If evangelism is effective, it doesn’t mean getting more people for a particular church, it doesn’t mean people changing sides, it doesn’t mean people giving up their traditions and their culture, it simply means that people can say from their hearts, ‘I believe that Jesus Christ is the Son of God.’
Evangelism for many people inside the church is not the evangelism of Philip in Acts Chapter 8, instead it is getting people into the pews to improve the head count. A story is told from a church gathering where a man said there would be renewal in the Church of Ireland if young people came to school with the Book of Common Prayer and the hymn book in their bags. He made no mention of the Bible and made no acknowledgement of the fact that many of the young people might not be Church of Ireland, this would bring back former days. The man’s understanding of renewal and evangelism was purely about denominational loyalty; it was about a head count. If that way of doing things had worked, then the church would now be strong. The fact is that as soon as the sectarianism of the past began to fade, then many people no longer perceived any need for the former denominational loyalties. The church failed to see that people’s faith should have been in Jesus, not in a tradition.
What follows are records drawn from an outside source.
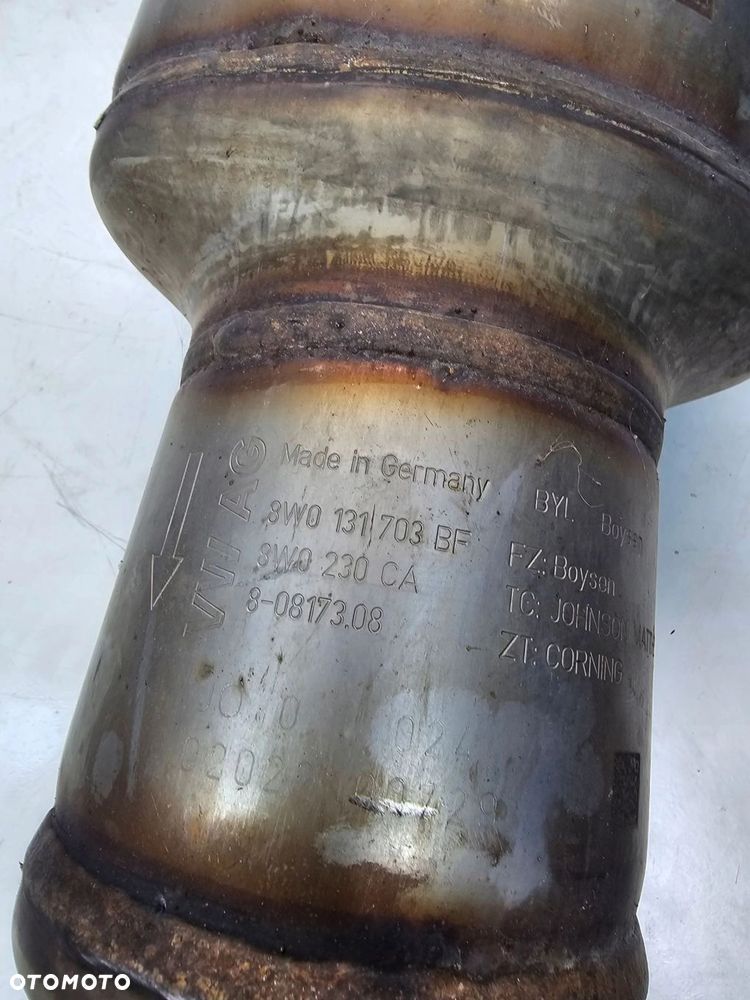 KATALIZATOR DPF FILTR CZĄSTEK AUDI A4 B9 A5 A6 2.0 TDI 8W0131703BD - 5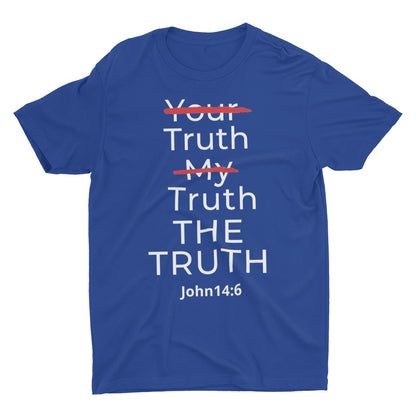 Wrighteous Wear T-Shirt S / Blue The Truth Unisex Christian T-shirt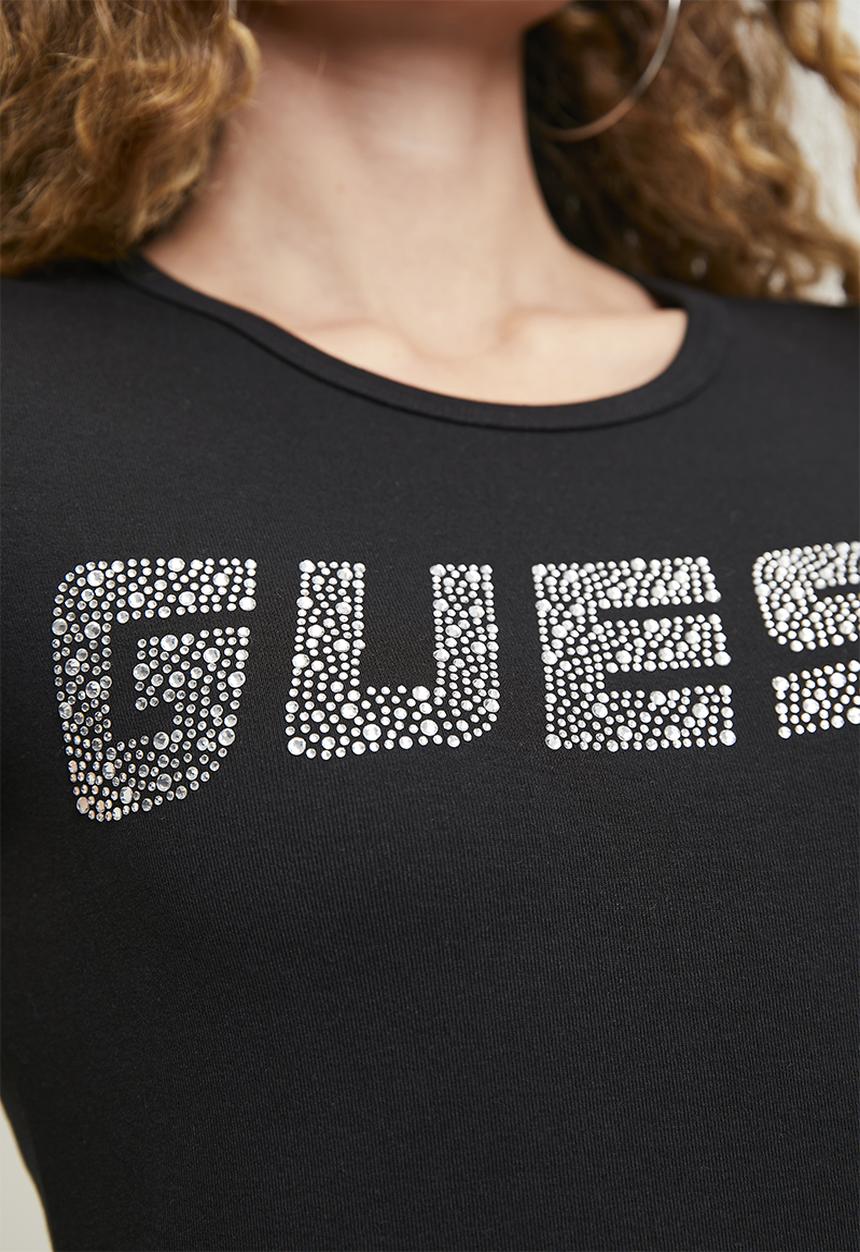 GUESS - Kiara Ss T-Shirt - Jet Black A996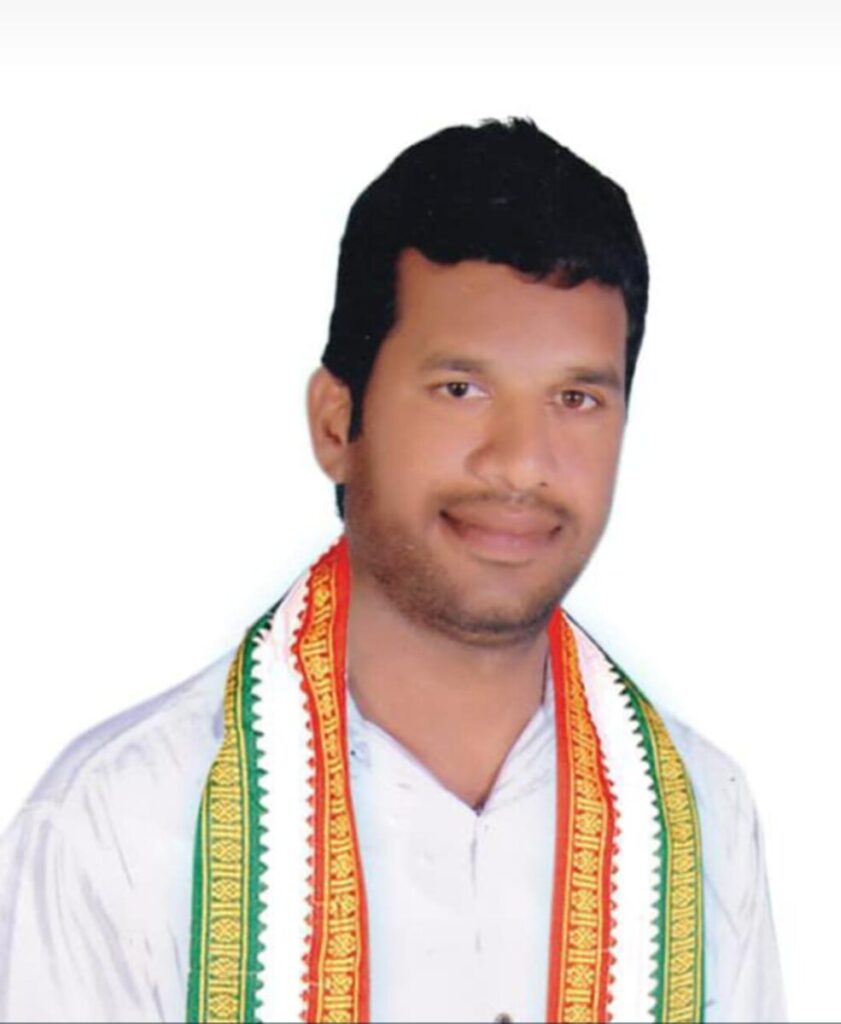 Congress Party Coordinator Gade Sudhakar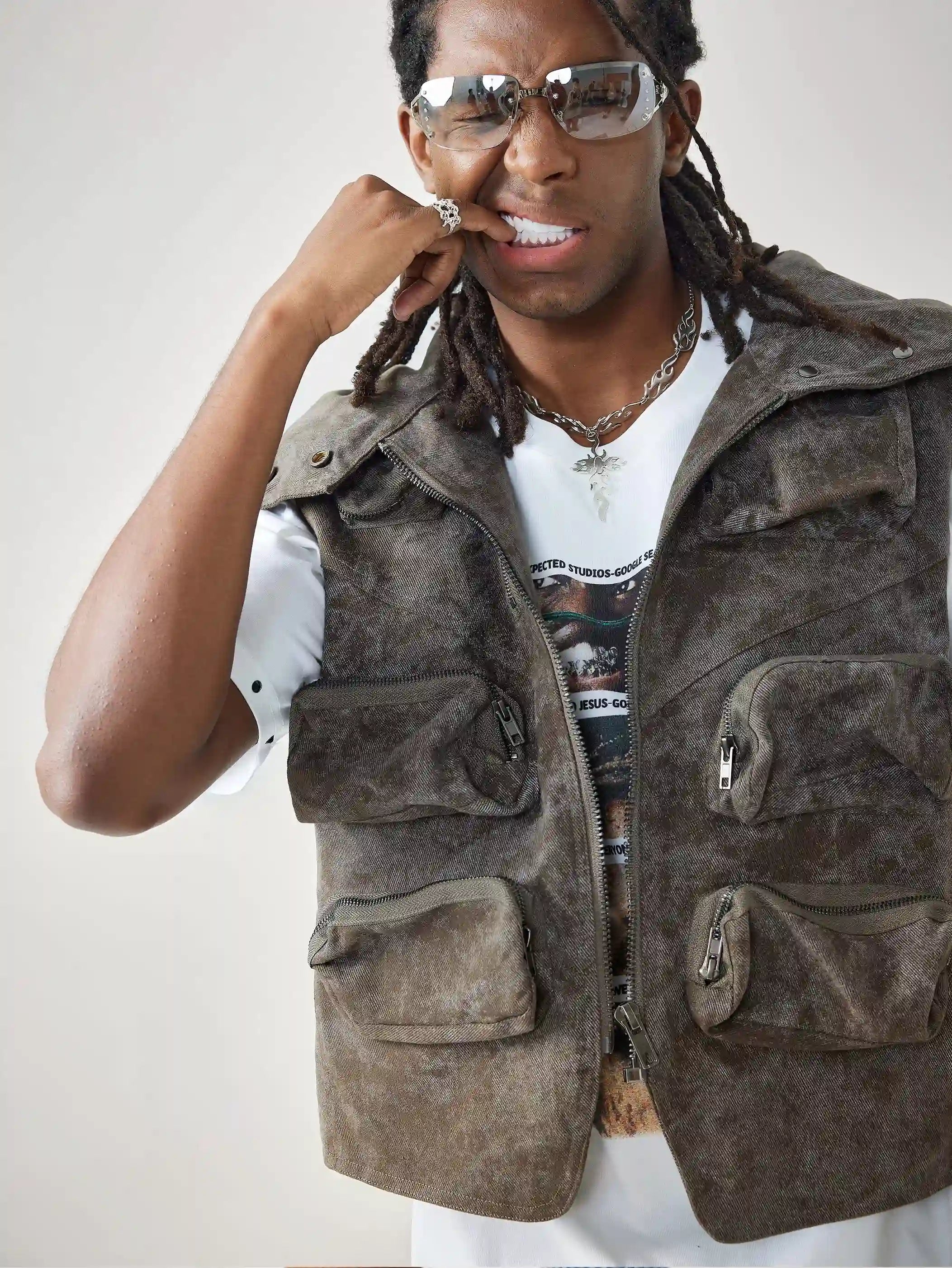 Street Tactical Utility Jacket-S1044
Evangelism is about telling the good news of Jesus and generally the people with whom we need to start are not the people outside, they are the people who are in the church.
Judy Esway, a Catholic writer on spirituality, captures beautifully the need for evangelising those in the pews.
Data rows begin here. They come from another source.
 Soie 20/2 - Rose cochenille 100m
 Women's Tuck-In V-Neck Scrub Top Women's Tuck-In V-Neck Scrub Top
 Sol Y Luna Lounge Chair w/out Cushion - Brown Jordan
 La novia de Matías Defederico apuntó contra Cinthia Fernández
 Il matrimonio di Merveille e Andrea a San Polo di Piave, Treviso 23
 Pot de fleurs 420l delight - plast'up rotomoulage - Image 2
“As a child I had a beautiful, simple faith. But it faded as I got older. There is one especially vivid memory I have of a time when I was still young. I must have been in third or fourth grade. I was sitting in church during Mass, and something struck me as being strange. I looked around at all the people. They had the most serious, deadpan looks on their faces, yet the words they were speaking were so full of power. In drab, monotone voices they were saying,
“And he will come again.”
I looked around thinking, who’s going to come again? Are they talking about Jesus?
“And we will see him face to face.” I started to get a bit excited. We’re going to see Jesus face to face?
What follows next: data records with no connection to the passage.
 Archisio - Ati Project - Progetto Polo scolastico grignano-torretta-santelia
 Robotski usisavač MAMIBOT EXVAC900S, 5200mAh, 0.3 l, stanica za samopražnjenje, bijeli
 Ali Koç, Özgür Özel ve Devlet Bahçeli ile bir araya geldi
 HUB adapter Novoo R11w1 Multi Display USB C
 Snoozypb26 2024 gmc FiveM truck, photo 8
“And the dead will rise.” The dead will rise? You mean we won’t have to stay dead? This was good news. This was fantastic news. Why weren’t these people smiling? Why weren’t they happy?
Finally I heard them say, “And we will live forever.” Well, this was really the clincher. We’re going to live forever? Why weren’t they dancing in the aisles? Why weren’t they clapping and shouting if they were going to live forever? On that sad day it dawned on me: these people must not believe what they are saying. And so I stopped believing it too.”
Even Saint Paul has sometimes to remind the churches what the good news is about, what it is that they believe. In the First Letter to the Corinthians, Chapter 15 Verses 1-4, he says, ‘Now I should remind you, brothers and sisters, of the good news that I proclaimed to you, which you in turn received, in which also you stand, through which also you are being saved, if you hold firmly to the message that I proclaimed to you—unless you have come to believe in vain.
For I handed on to you as of first importance what I in turn had received: that Christ died for our sins in accordance with the scriptures, and that he was buried, and that he was raised on the third day in accordance with the scriptures’.
Evangelism is telling people Jesus had died and risen again and our salvation is in receiving that good news for ourselves. Our salvation does not depend on loyalty to anyone other than God.
One Sunday morning, in a small country church with about a dozen people in the congregation, there seemed a need to say something affirming. ‘Do you know’, I said, ‘if the entire church was gone and there were just ourselves left, it would not worry us. Jesus would still be alive and we would still believe. Nothing could change those facts and we would still meet for worship’. Evangelism is about such good news.